CLEARWATER -- There are '80s bands (the synths, the Frank Lloyd Wright hair, the glammy sheen) and then there are bands that were simply born in the '80s. For all the Midnight Runners and Seagulls flitting about, that magical decade was the last great calendar span for everlasting music. U2 transcended. Metallica and Madonna, too.
Because I'm a critic and spend my days debating such heavyweight issues, I routinely argue to a froth that Tears for Fears transcends '80s-stuck status, as well. Yes, the duo of Roland Orzabal and Curt Smith couldn't have been born at any other time. (Big hair, dumb videos, etc.) But the Brits have proved substantially more than their b-day, too.
Maybe they're not as good as Duran Duran, but hey, they're definitely not Kajagoogoo, either. (No offense.)
Maybe you don't agree with me, but the 1,955 fans at a nearly sold-out Ruth Eckerd Hall on Wednesday certainly did. TFF drew a big, passionate crowd to the venue, robust testament to the group's enduring hook-based songs that honor substance over Spandexed artifice.
Confident in a catalog that runs deeper than most remember (or at least deeper than your old cassette of 1985 album Songs From the Big Chair), Orzabal and Smith, backed by a four-piece crew, opened with a chilling choral version of Mad World. They then segued into that tickly opening line of Everybody Wants to Rule the World, the entire venue lifting to its rapturous feet.
The 90-minute setlist was smartly blended, with know-'em-by-hearters (the Beatlesesque Sowing the Seeds of Love) tucked between album cuts (the thumping Call Me Mellow) that showed the boys have morphed from sensitive New Wavers into a thoroughly rocking outfit. They're also much loopier than their solemn MTV personae, especially Orzabal, who crooned a cheeky-cool cover of Billie Jean.
The boys traded off on lead vocal and soared on the harmonies, a still-moving merging of octave-spanning derring-do, from Princely falsetto to rumbling lows.

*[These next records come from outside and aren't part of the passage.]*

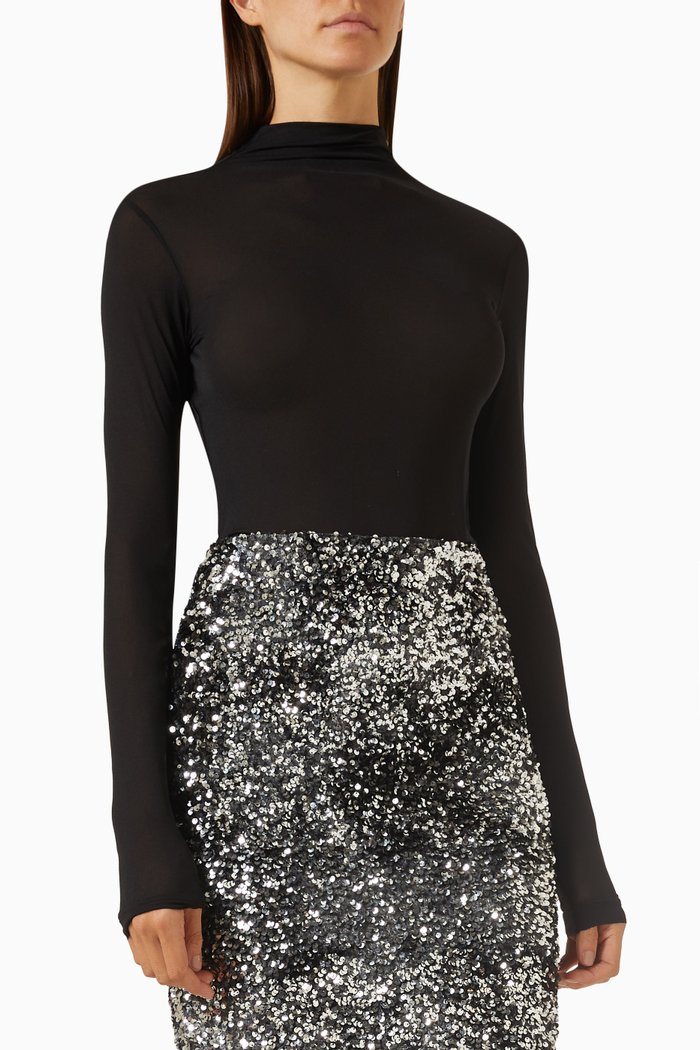 

Nenia Turtleneck Sweater in Tulle, Black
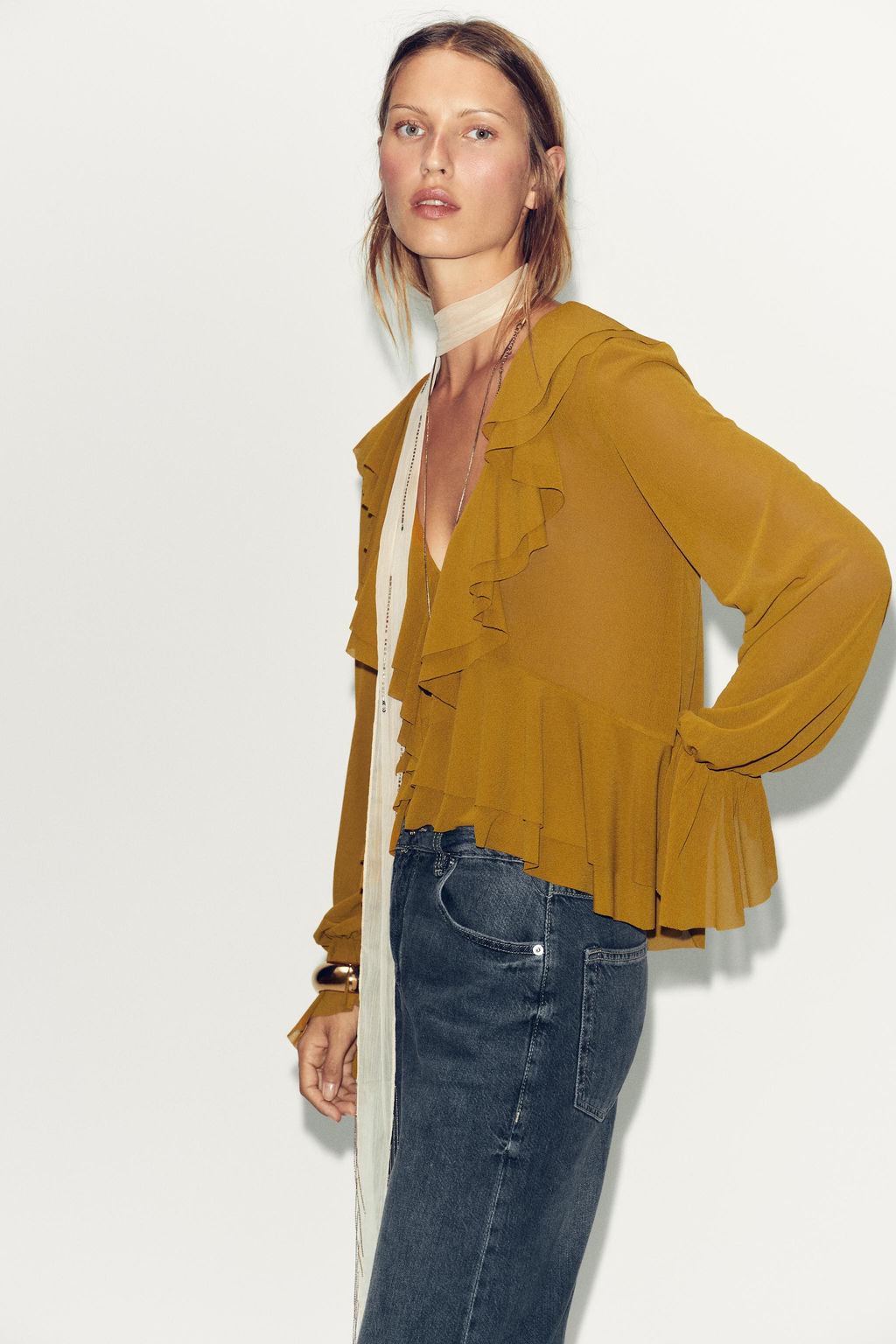 FLOWING RUFFLED TOP - Zara фото 11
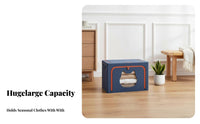 Large Capacity Foldable textile container Stackable foldable textile container Sturdy Handles Closet Organizer With Lids for Students, Families, Parents, Bedroom, Under Bed, Dorm Room, Shelves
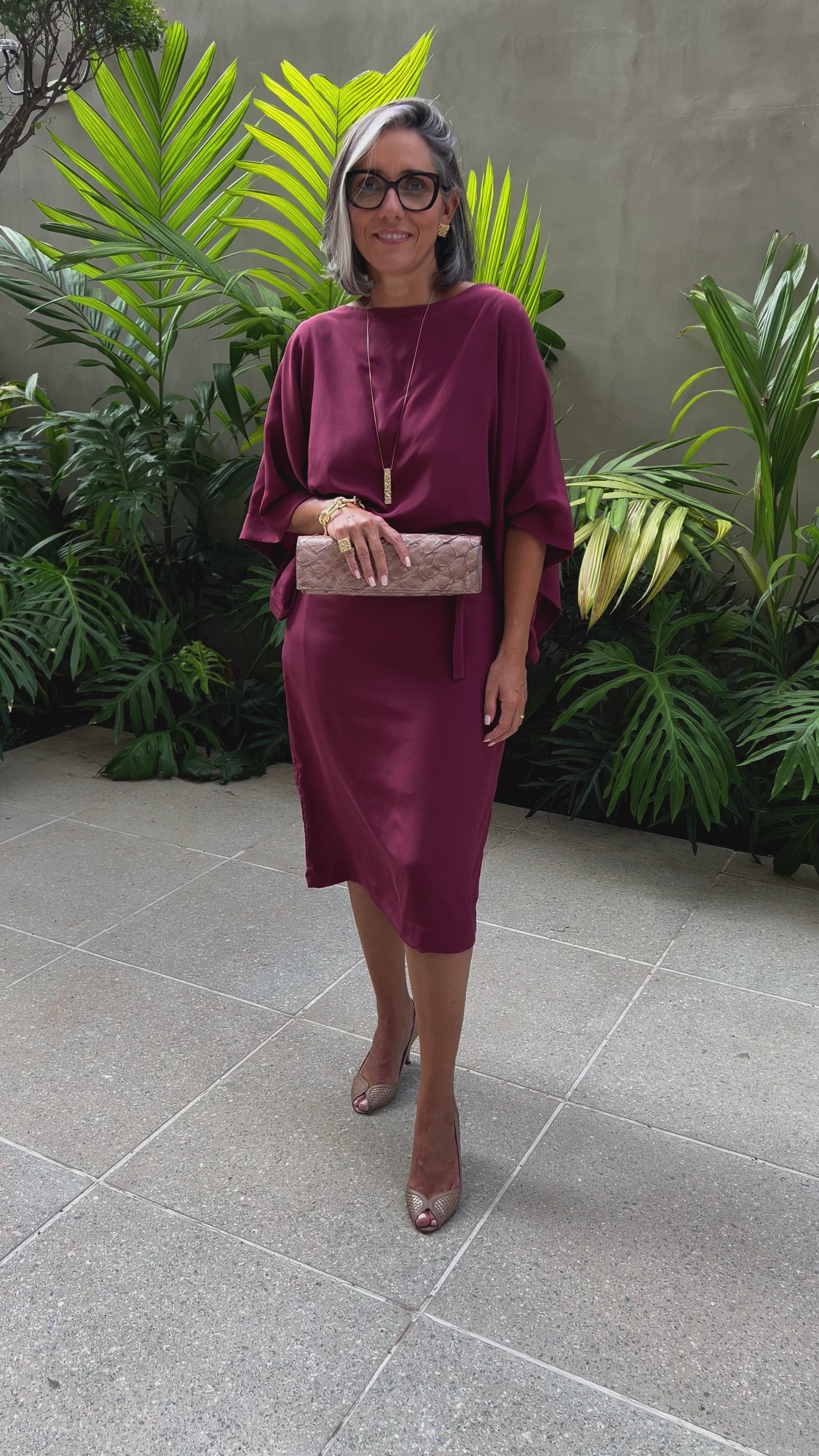 Vestido Midi em Seda Pura EZILDINHA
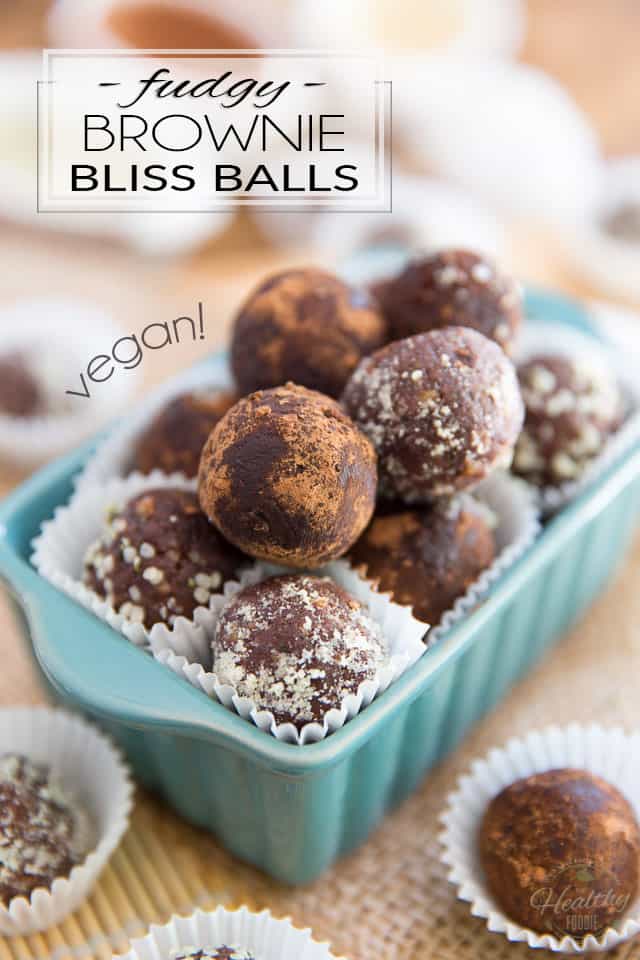 Those Vegan Fudgy Brownie Bliss Balls are like delicious little bite-sized raw brownies. Ready in minutes, they're the perfect solution to satisfy your sweet tooth and chocolate cravings in a healthy, wholesome way! 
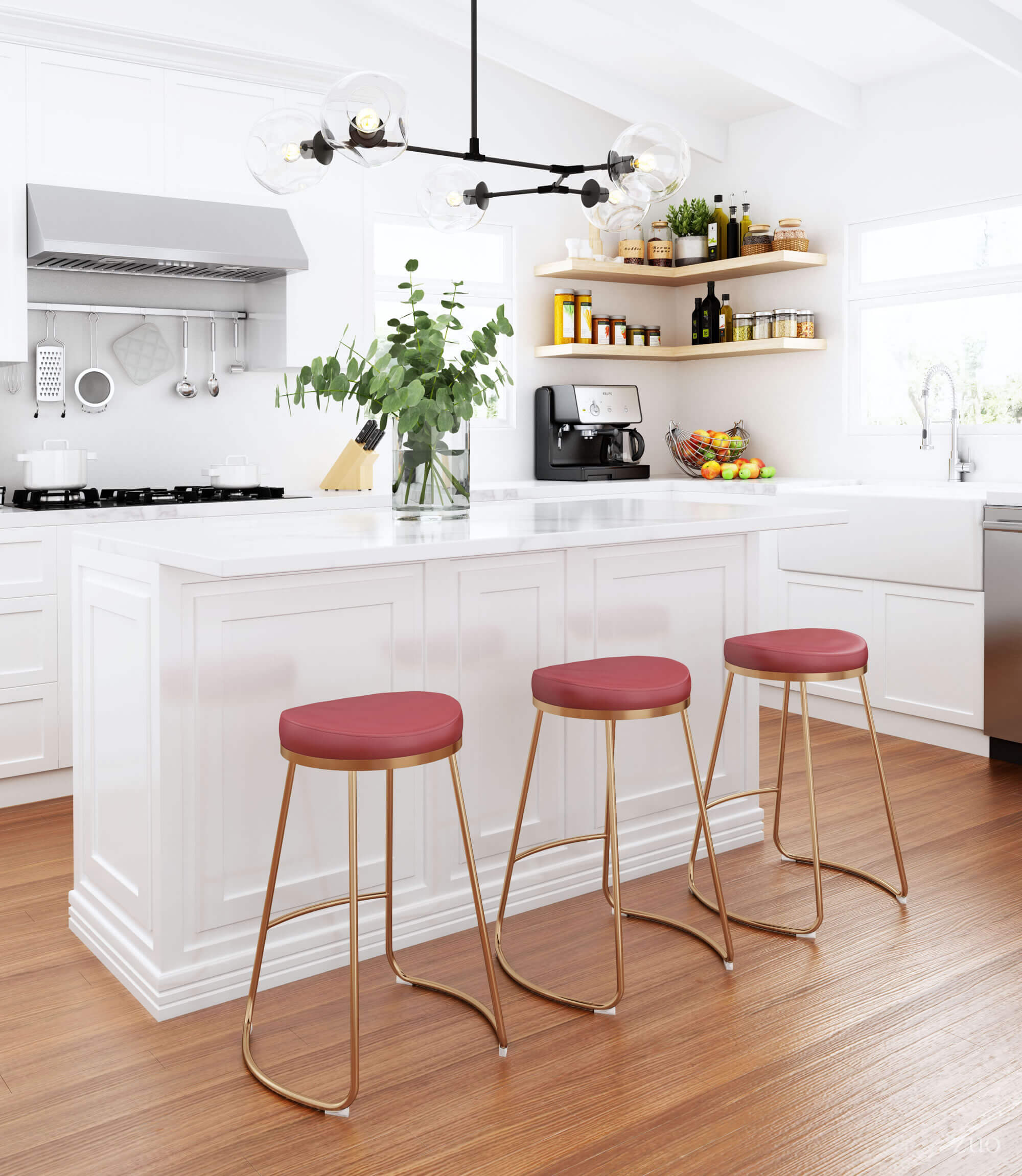 Bree Counter Stool, Burgundy by Zuo Modern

After the MJ salute, TFF launched into a fantastically melodic five-song finish: Pale Shelter (trust me, you know it) Break It Down Again (you know that, too), Head Over Heels and, for the encores, Woman in Chains and Shout.
At one point in the show, the constantly mugging Orzabal said, "We're not just known for our '80s classics," then, after a straight-man pause, goofed, "YES WE ARE!" Of course, he could laugh about it because he's in Tears for Fears and not Men Without Hats. (No offense.)